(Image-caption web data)
+++++

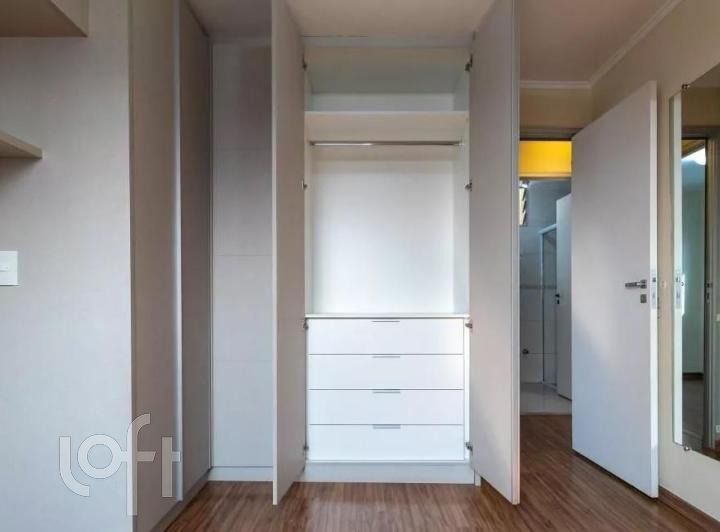 Apartamento, 3 quartos, 85 m² - Foto 9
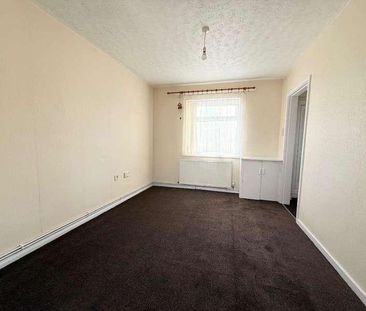 Schofield Avenue, Hilltop, West Midlands, B71 - Photo 3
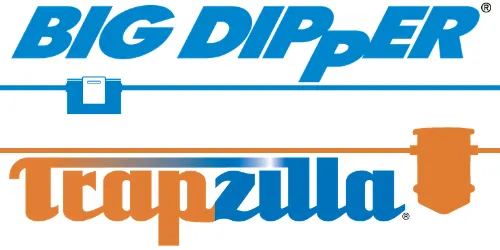 big-dipper-trapzilla-logo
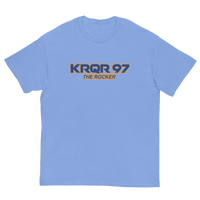 KRQR - San Francisco, CA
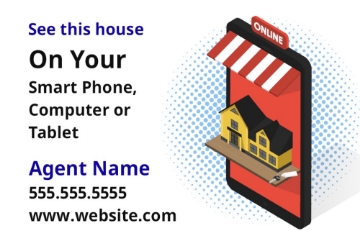 Picture of Virtual RE 9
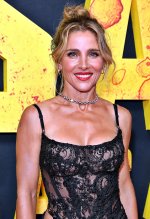 Elsa Pataky 1.jpg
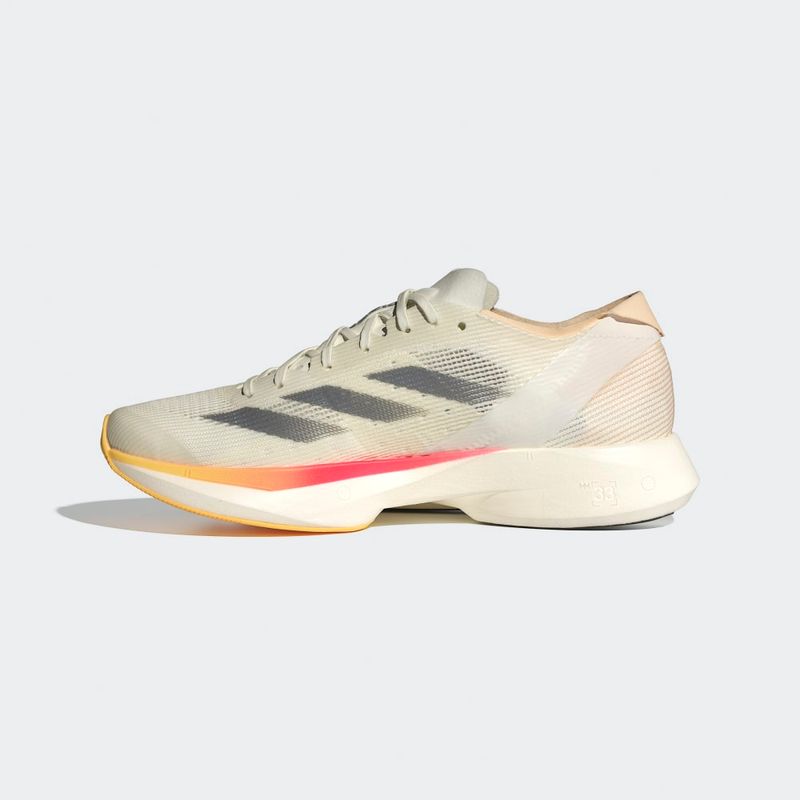ADIZERO-TAKUMI-SEN-10-W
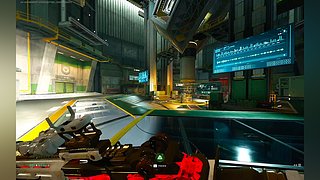 航天教学 第一武将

+++++

→ Your goal: Retype exactly the lines from the one containing "Elsa Pataky 1.jpg" through the last line of the records above, both included, and leave out any pictures.

→ Solution below:
 Elsa Pataky 1.jpg
ADIZERO-TAKUMI-SEN-10-W
 航天教学 第一武将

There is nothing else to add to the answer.